The failure to deliver written notice to the indemnifying party within a
reasonable time of the commencement of any such action shall not relieve such
indemnifying party of any liability to the Indemnified Person or Indemnified
Party under this Section 6, except to the extent that the indemnifying party is
prejudiced in its ability to defend such action.
(d) The indemnification required by this Section 6 shall be made by
periodic payments of the amount thereof during the course of the investigation
or defense, as and when bills are received or Indemnified Damages are incurred.

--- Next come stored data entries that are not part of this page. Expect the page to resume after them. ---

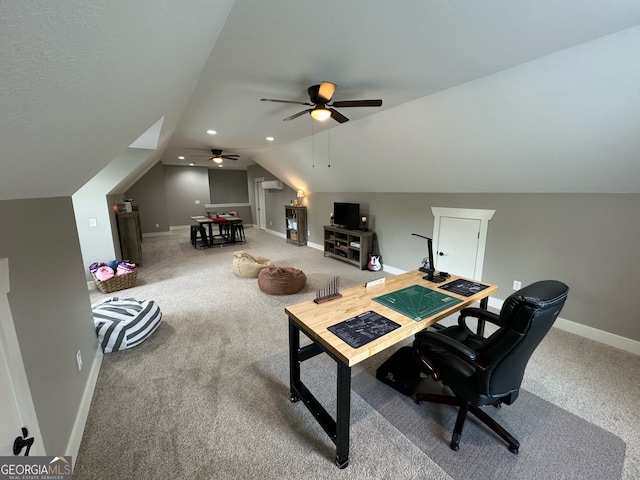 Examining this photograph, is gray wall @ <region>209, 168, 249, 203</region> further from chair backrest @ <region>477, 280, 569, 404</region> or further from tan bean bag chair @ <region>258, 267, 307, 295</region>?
chair backrest @ <region>477, 280, 569, 404</region>

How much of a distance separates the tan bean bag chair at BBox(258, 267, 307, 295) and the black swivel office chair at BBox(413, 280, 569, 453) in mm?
2365

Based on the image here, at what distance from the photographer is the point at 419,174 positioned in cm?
388

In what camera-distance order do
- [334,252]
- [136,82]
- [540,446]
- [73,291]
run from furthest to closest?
[334,252]
[73,291]
[540,446]
[136,82]

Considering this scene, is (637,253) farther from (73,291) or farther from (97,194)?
(97,194)

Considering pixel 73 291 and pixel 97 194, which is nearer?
pixel 73 291

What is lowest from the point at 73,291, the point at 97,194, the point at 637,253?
the point at 73,291

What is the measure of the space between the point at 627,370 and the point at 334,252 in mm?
4460

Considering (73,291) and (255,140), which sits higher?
(255,140)

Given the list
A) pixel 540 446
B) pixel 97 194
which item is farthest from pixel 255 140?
pixel 540 446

(e) The indemnity agreements contained herein shall be in addition to
(i) any cause of action or similar right of the Indemnified Party or Indemnified
Person against the indemnifying party or others, and (ii) any liabilities the
indemnifying party may be subject to pursuant to the law.
7. CONTRIBUTION.
To the extent any indemnification by an indemnifying party is
prohibited or limited by law, the indemnifying party agrees to make the maximum
contribution with respect to any amounts for which it would otherwise be liable
under Section 6 to the fullest extent permitted by law; provided, however, that:
(i) no seller of Registrable Securities guilty of fraudulent misrepresentation
(within the meaning of Section 11(f) of the Securities Act) shall be entitled to
contribution from any seller of Registrable Securities who was not guilty of
fraudulent misrepresentation; and (ii) contribution by any seller of Registrable
Securities shall be limited in amount to the net amount of proceeds received by
such seller from the sale of such Registrable Securities.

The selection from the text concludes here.